Why Roger Federer could win his 18th Grand Slam title in Melbourne
Why the Australian Open can prove to be a defining moment in Roger Federer's career.
Roger Federer is a name that is synonymous with tennis, greatness and elegance. At the age of 35, the Swiss maestro is still going strong, proving to all the critics that age is merely a number.
While many fans may agree that he peaked between 2004 and 2010, his performances in subsequent tournaments showed that he wasn't done with the game, not by a long shot.
One thing which separates the former world number one from the rest of the players is his everlasting love for the sport. As the Swiss legend once said, "When you do something best in life, you don't really want to give that up - and for me, it's tennis."

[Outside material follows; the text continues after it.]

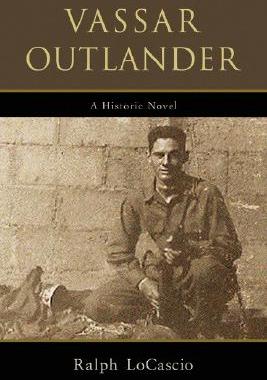 【预售】Vassar Outlander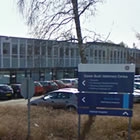 Easter Bush Veterinary Centre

This marvellous sport has seen many great players lose their flair when they reach the thirties, but Federer's determination kept him in a different league altogether.
The 2016 season was an uneventful one for the Swiss, mainly because of his injury problems. After struggling with his knee and back, Federer decided to take a break from the sport in order to recuperate. Wimbledon was his last tournament, where he lost to Milos Raonic in the semi-final.
Having missed out on the Olympics and other ATP tournaments, Federer slipped down to the 17th in the rankings. To put things into perspective, the last time the Swiss found himself outside the top 10, was back in 2002.
After a long recovery period, Federer commenced his 2017 season by taking part in the Hopman Cup. Following his decent performance there, he made his way to Melbourne and began his bid for a fifth Australian Open crown.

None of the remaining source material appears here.